Note: when the celery task raises a normal exception (not worker death), .get() does propagate it. The except Exception on line 473 catches it and returns, but execution continues to _finish_or_resubmit_jobfinish() which retries metadata internally (via retry_metadata_internally, default True). So normal task failures are already handled — the problem is specifically worker death causing .get() to hang forever.

Additionally, there's no logging when the celery metadata task is dispatched, making troubleshooting difficult.

Approaches considered and rejected

acks_late=True + reject_on_worker_lost=True: Would automatically requeue the task when a worker dies, giving it a chance to succeed on another worker.
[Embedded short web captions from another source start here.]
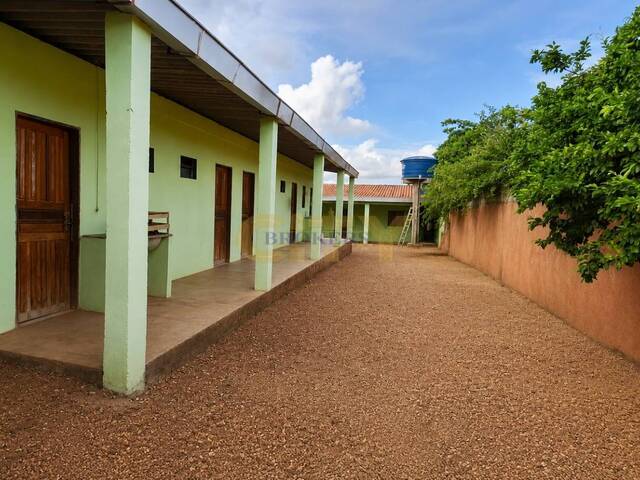 Casa para Venda em Várzea Grande - 2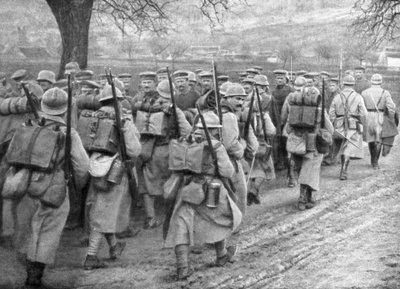 Infanterie française passant une ligne de prisonniers, Plessis-de-Roye, Picardie, France, 30 mars 1918 - Unbekannt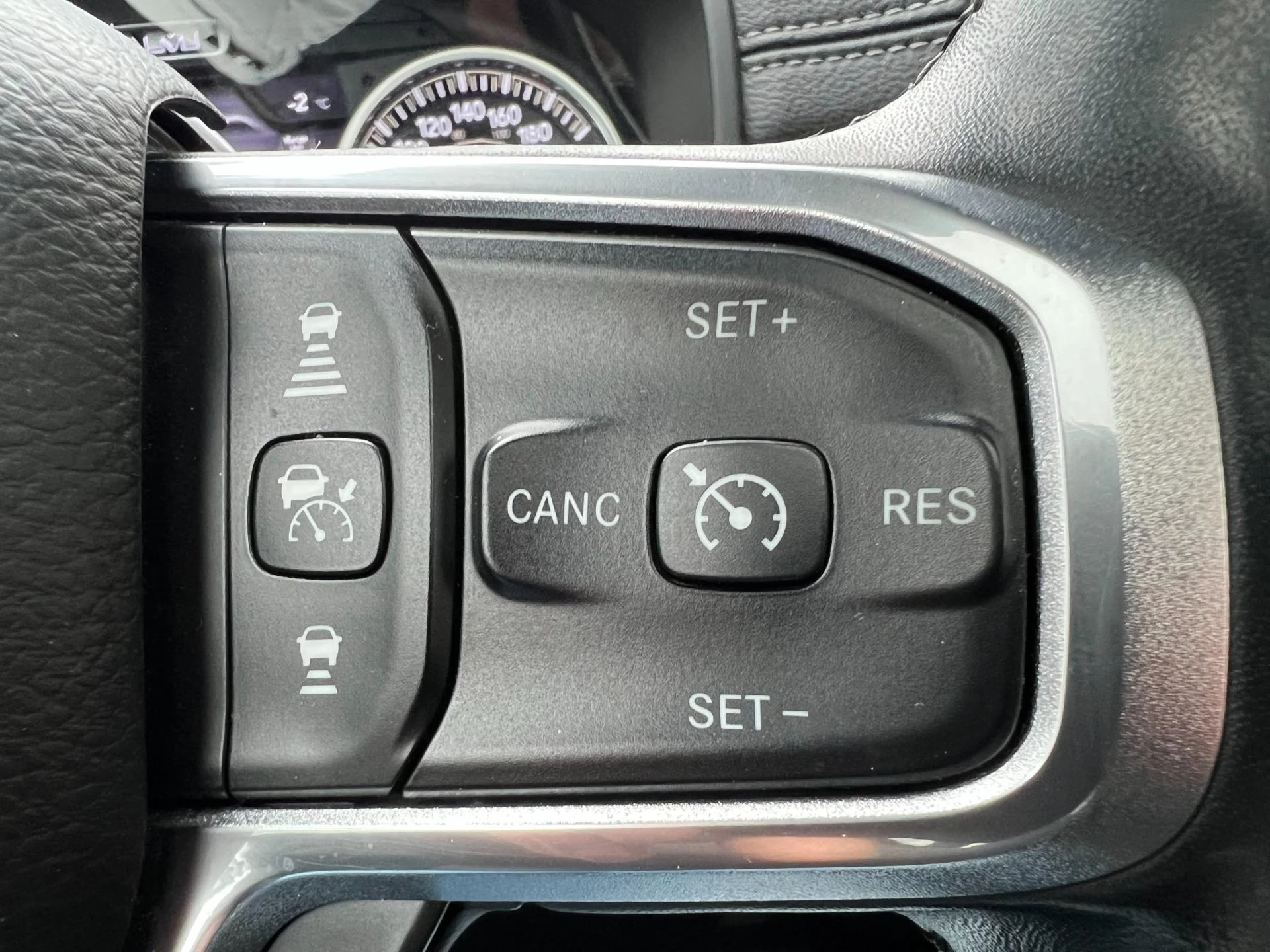 Dodge Ram 1500 2020 - 5.7 V8 4x4 Crew Cab Laramie Sport package Bild 17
However, broker-level requeue bypasses Celery's max_retries entirely (the broker sees a fresh message), creating an infinite death loop if the task consistently OOMs. This is a known Celery issue with no clean solution — workarounds require broker-specific features (RabbitMQ DLX) that aren't portable.

Implementation Plan

Step 1: Write Integration Tests (test-first)

File: test/integration/test_celery_metadata_recovery.py

Create integration tests that verify:

  1. Test: Job recovery after handler restart during celery metadata — Run a tool whose datatype has a slow set_meta (sleeps), restart Galaxy while metadata is being set, verify the job reaches a terminal state after recovery.

  2. Test: Job reaches terminal state when celery worker dies — Verify the polling loop detects dead workers and the job is failed/recovered.

Test strategy — injecting a slow datatype:

  • Register a custom datatype (e.g., SlowMetadata) whose set_meta method sleeps for a configurable number of seconds. This guarantees the restart will always interrupt metadata setting.
  • Use handle_galaxy_config_kwds to configure metadata_strategy: directory_celery and register the custom datatype.
  • Run a tool that produces output with this datatype.
  • While set_meta is sleeping (datasets in SETTING_METADATA state), call self.restart() to restart Galaxy.
  • After restart, verify the job reaches a terminal state (either OK with re-run metadata, or ERROR/FAILED_METADATA).

Slow datatype implementation:

  • Add a datatype class that extends Text and overrides set_meta to sleep:
    class SlowMetadata(Text):
        file_ext = "slow_metadata"
        def set_meta(self, dataset, **kwd):
            import time
            time.sleep(30)  # long enough to guarantee restart interrupts it
            super().set_meta(dataset, **kwd)
  • Register it via datatypes_conf_override in the galaxy config.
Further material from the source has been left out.